After the revolution and the civil war, which included Mikoyan’s participation in the Baku commune and his legendary escape from execution, Mikoyan went to Moscow. It was here where he began to forge close links with Stalin, who saw a potential political ally in Mikoyan, due to their shared roots in the Caucasus. Subsequently, on Stalin’s recommendation, he was appointed secretary of the Southeastern Bureau of the Central Committee. He soon ran the Northern Caucasus Regional Committee for the party. It was here that Mikoyan proved to be a competent and effective administrator. He advocated an open and lenient policy toward the Cossacks and other tribesmen who were opposed to Soviet rule. He allowed them to maintain their unique way of life and traditions. He even encouraged the Cossacks to engage in their traditional horsemanship and integrated them into regional units of the Red Army. He also worked to bring the peasants, the Cossacks, and the tribesmen closer together and to discourage animosity. All of these policies were very successful and were assisted by the advancement of Lenin’s New Economic Policy (NEP), a mixture of socialism and capitalism, intended to put the country back on its feet.
Between his success in the North Caucasus and the links that he forged with Stalin, Mikoyan was able to maneuver his way to the position of People’s Commissar of External and Internal Trade in 1926. At the age of 30, Mikoyan was the youngest member of the Politburo. It was in this position that Mikoyan made his career. In the 1920s, Mikoyan initially favored the NEP, whose positive results he saw first-hand during his time in the North Caucasus. According to his son, Sergo, Mikoyan was “so impressed by the possibilities opened by NEP that he argued with Stalin openly at the Fifteenth Party Congress in 1927, and at other meetings, Mikoyan spoke in favor of trade as the key to getting grain from the village.” According to the Soviet historian and dissident Roy Medvedev, Mikoyan also stood “firmly opposed to the severe treatment of the individual peasant farmers and kulaks.” At the 15th Party Congress, he advocated moving forward “in the most painless way,” disagreeing with Stalin who advocated for harsher measures. He ultimately disagreed with Stalin’s policy of forced collectivization, but was careful not go so far as to break with the vozhd.

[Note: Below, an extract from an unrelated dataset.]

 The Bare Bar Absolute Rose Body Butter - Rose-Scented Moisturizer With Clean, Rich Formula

By the early 1930s, the country had entered into an economic crisis. Stalin’s policies proved disastrous, especially in the cereal, wheat, and grain-producing “breadbaskets” of Ukraine, the North Caucasus and Northern Kazakhstan. Forced requisitioning created famine conditions. Many citizens died of starvation. The country was in an economic mess and the new situation also required that the Trade Commissariat, which Mikoyan headed, be changed as well. Neither the name nor the methods corresponded with the reality on the ground, and thus the Commissariat was reformed into the People’s Commissariat of Supply. Yet to many Soviet citizens, supply was very marginal and a black joke began to circulate: “We’ve got no meat, no milk, no butter, no flour, no soap, but we’ve got Mikoyan.” (“Нет мяса, нет масла, нет молока, нет муки, нет мыла, но зато есть Микоян.”).

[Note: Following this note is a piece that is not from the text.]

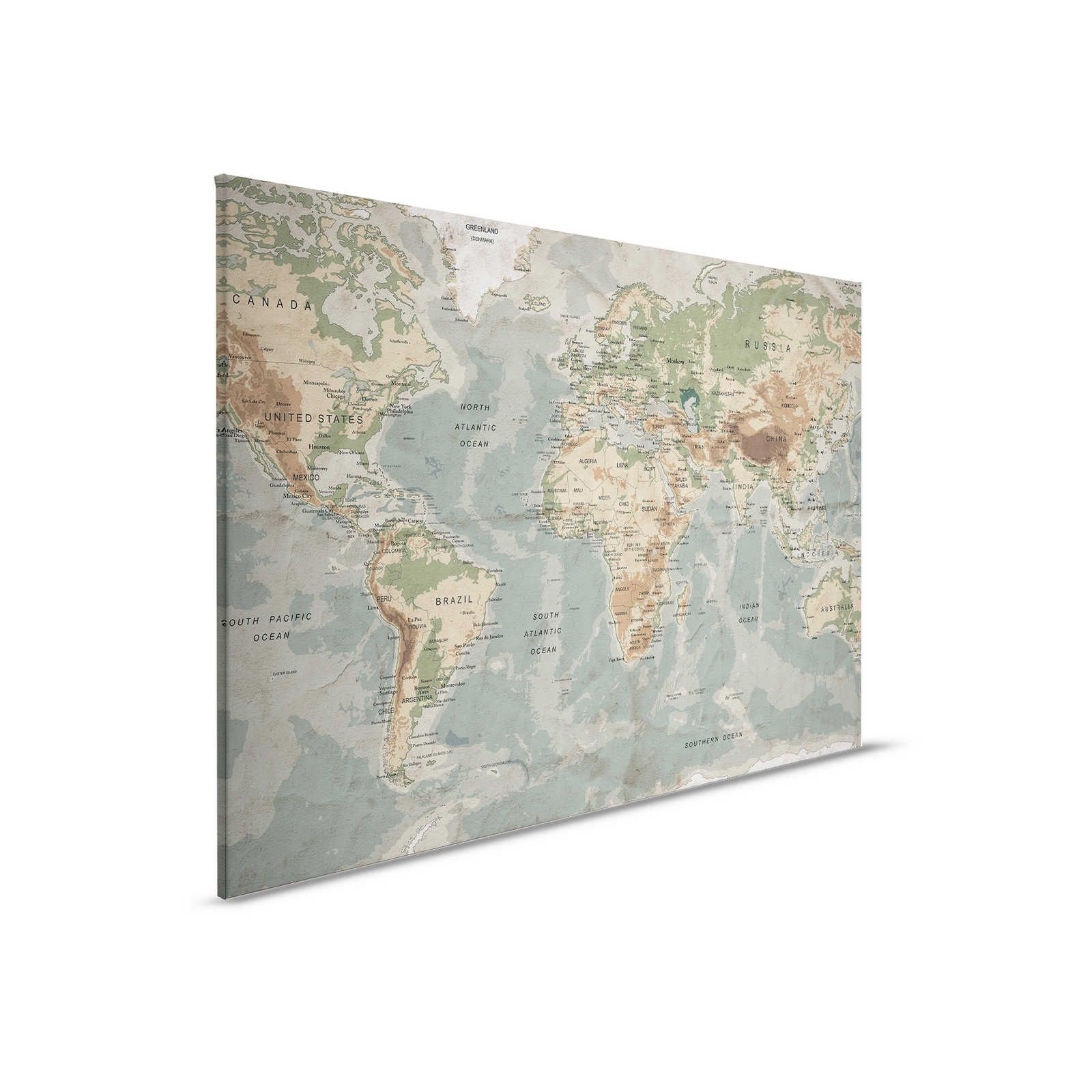 Retro Leinwandbild Weltkarte mit Typografisches Design – 0,90 m x 0,60 m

“At the beginning of the first Five-Year Plan,” wrote the historian Roy Medvedev, “there was an acute shortage of hard currency in the country.” The Soviet government sought to gain such currency through the sale of priceless art treasures and artifacts from the Hermitage Museum and from the Tsar’s personal collection which had been confiscated by the Bolsheviks. These sales were staunchly opposed by Commissar of Education Anatoly Lunacharsky and others who were ultimately overruled by the Politburo. Mikoyan was tasked with heading this commercial venture.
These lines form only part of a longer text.